It's interesting for our present purposes to see from the record for 1924 that Mollie stayed quite some time with her mother, prior to setting off for Penang on 17 May that year (as per the table above).2

And when Mollie's teaching stints in the Malay States finally wound down in 1932, she took up permanent residence with her mother at 9 Frognal Mansions, becoming the sole occupant in 1940 when Margaret died and bequeathed the apartment to her.

In her later years, gradually outliving her mother and brothers, she became very reclusive, only my father staying in touch with her. When she died in 1955, he was virtually the sole beneficiary of her will, to the possible chagrin of others in the family, and thus began the period of extravagant affluence that was to be his undoing.

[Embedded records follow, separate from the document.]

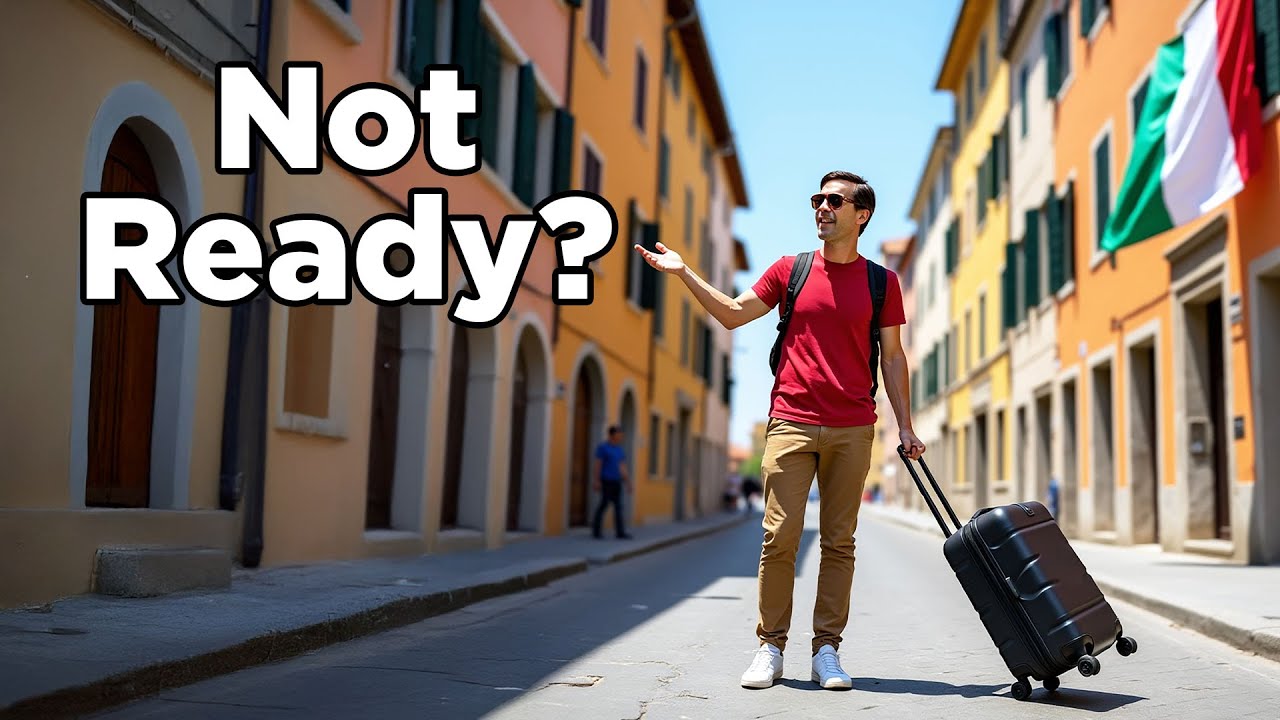 Give Me 12 Minutes, and You'll be ready To Visit Italy in 2026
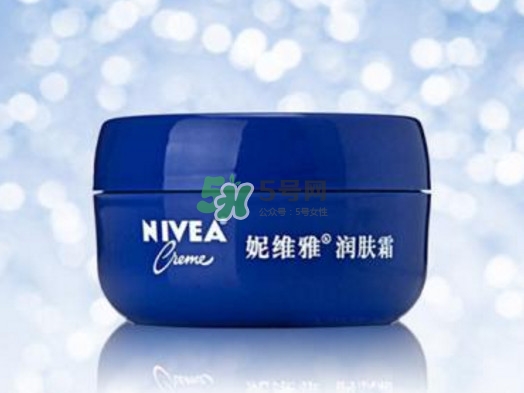 妮維雅潤膚霜怎么用？妮維雅潤膚霜能涂臉嗎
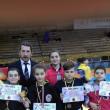 Sportivii de la He Pai Suceava şi Kim Long Dao Fălticeni au câştigat 26 de medalii la naţionalele de copii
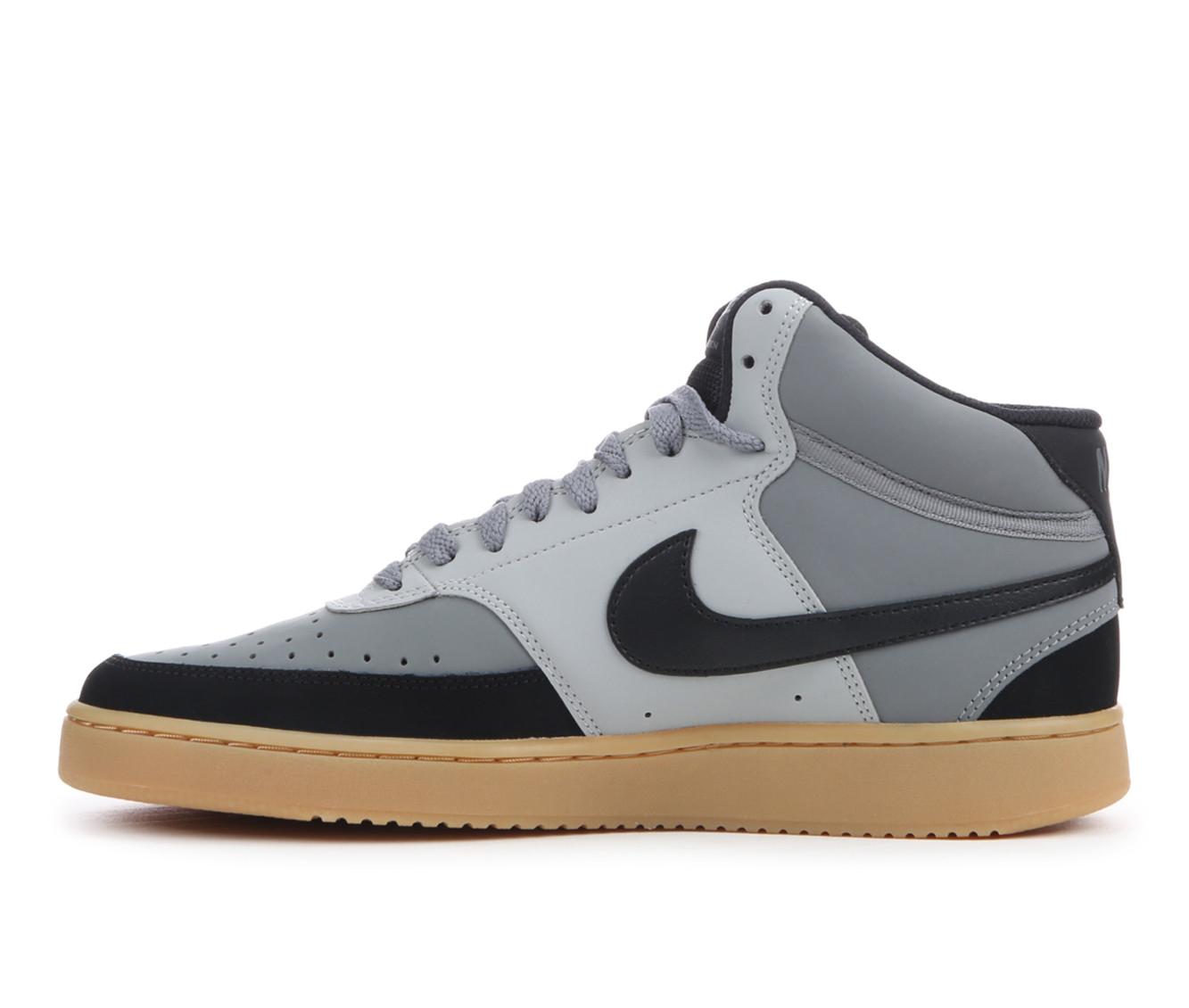 Men's Nike Court Vision Mid Sneakers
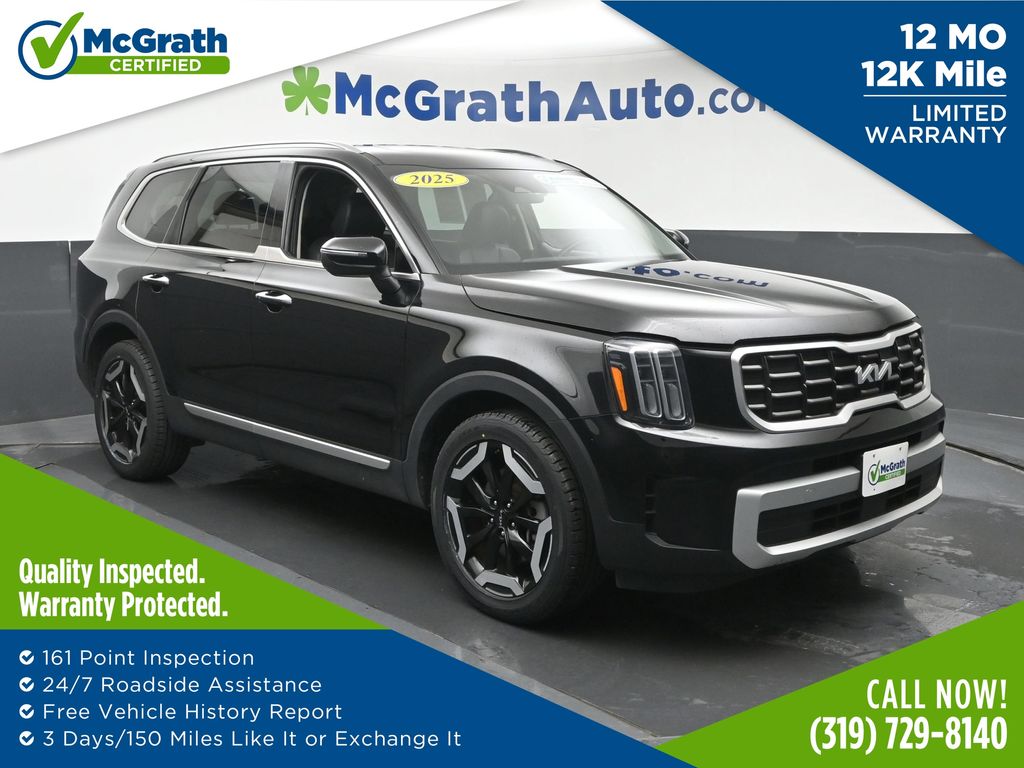 2025 Kia Telluride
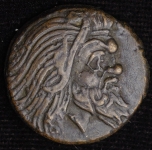 Тетрахалк. Пантикапей.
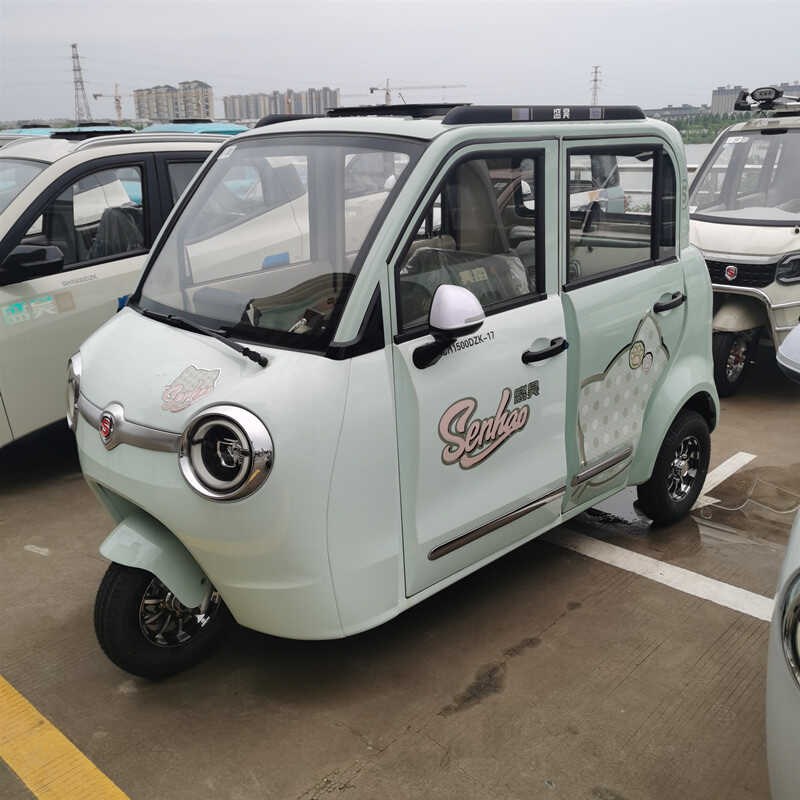 盛昊电动三轮车配件大全前围大灯中网后视镜保险杠脚踏板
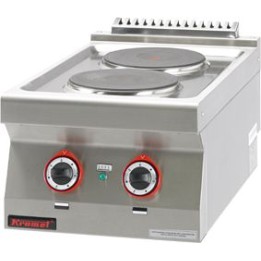 Kuchnia elektryczna | 700.KE-2 KROMET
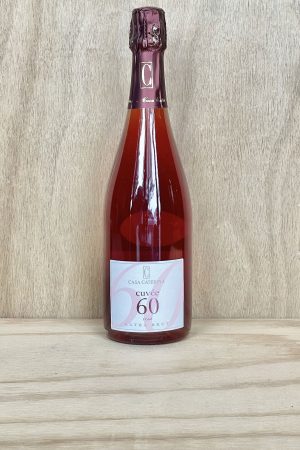 Casa Caterina - Brut Cuvée 60 Rosé 2016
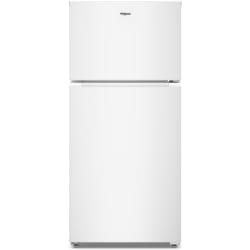 28 Inch Top Freezer Refrigerator  - 28 Inch Top Freezer Refrigerator view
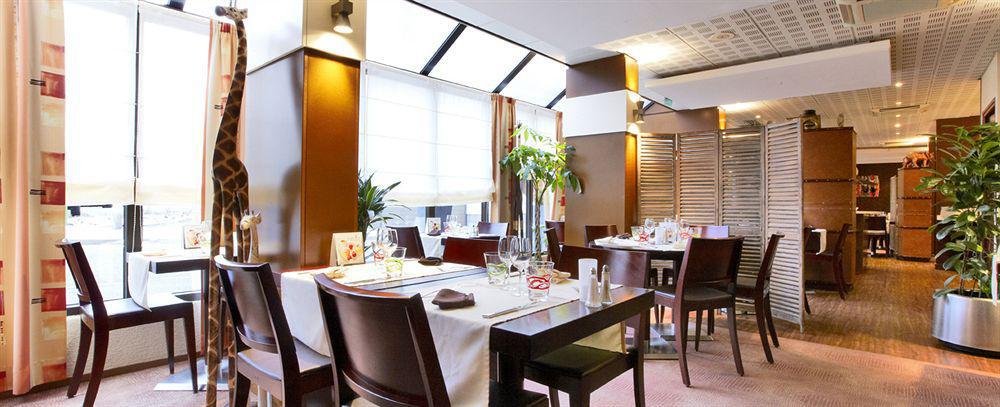 Kyriad Hotel Nevers Centre מראה חיצוני תמונה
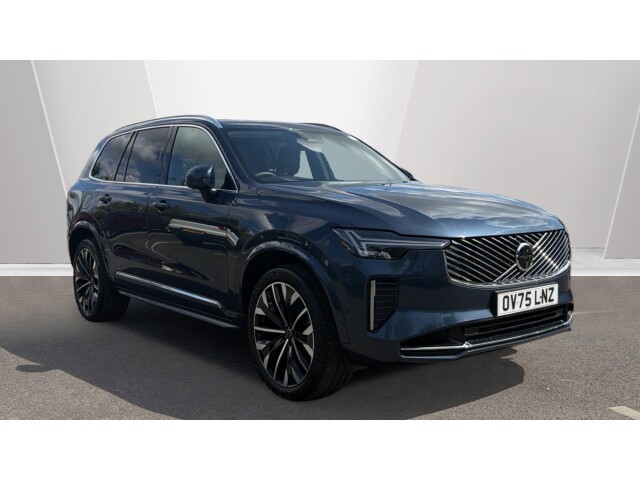 Main listing image - Volvo XC90
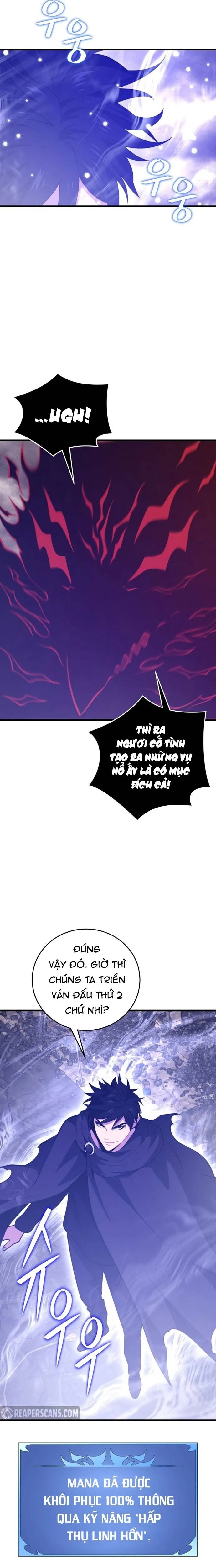 Seoul Tử Linh Sư Chapter 129 - 7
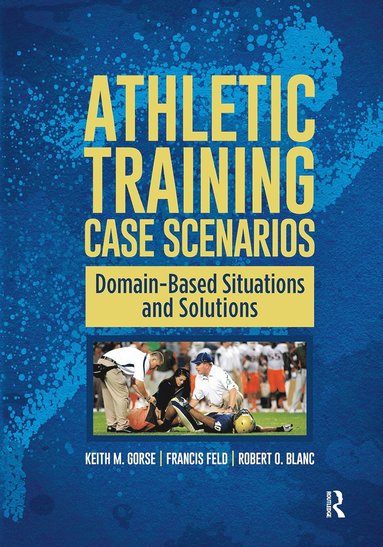 bokomslag Athletic Training Case Scenarios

  1. U Sandy's biography of Robert suggests that Margaret had relocated somewhat earlier, and was already well-established by the time Robert and his family settled into rented accommodation close by in Hampstead. Either way, the Frognal Connection was inaugurated. "Frognal" was a name familiar to me even as a small child, without actually knowing what or whom it symbolised – in retrospect it does sound mildly Gormenghastly, perhaps rather gloomy and cobwebby. And in Auntly anecdotes Margaret is always referred to as "Hampstead Grannie", or even more spookily as "Old Grannie".
  2. And another temporary occupant – probably as resident housemaid – was one Annie Gilmour, during 1929/33 except 1932. I think this could well have been "Annie the Nanny", the "dear wee hunchback" (Nowadays we'd say "nice young girl with severe kyphosis", but that doesn't sound nearly so genuinely affectionate), who stepped forward to look after Margaret's grandchildren after both their parents had died. I think she lived-in at Wyldes Hollow for the rest of her life, and acted as nanny for Margaret's great grandson John in the 1950's. I well remember her from that time, a lovely person, devoted to the family.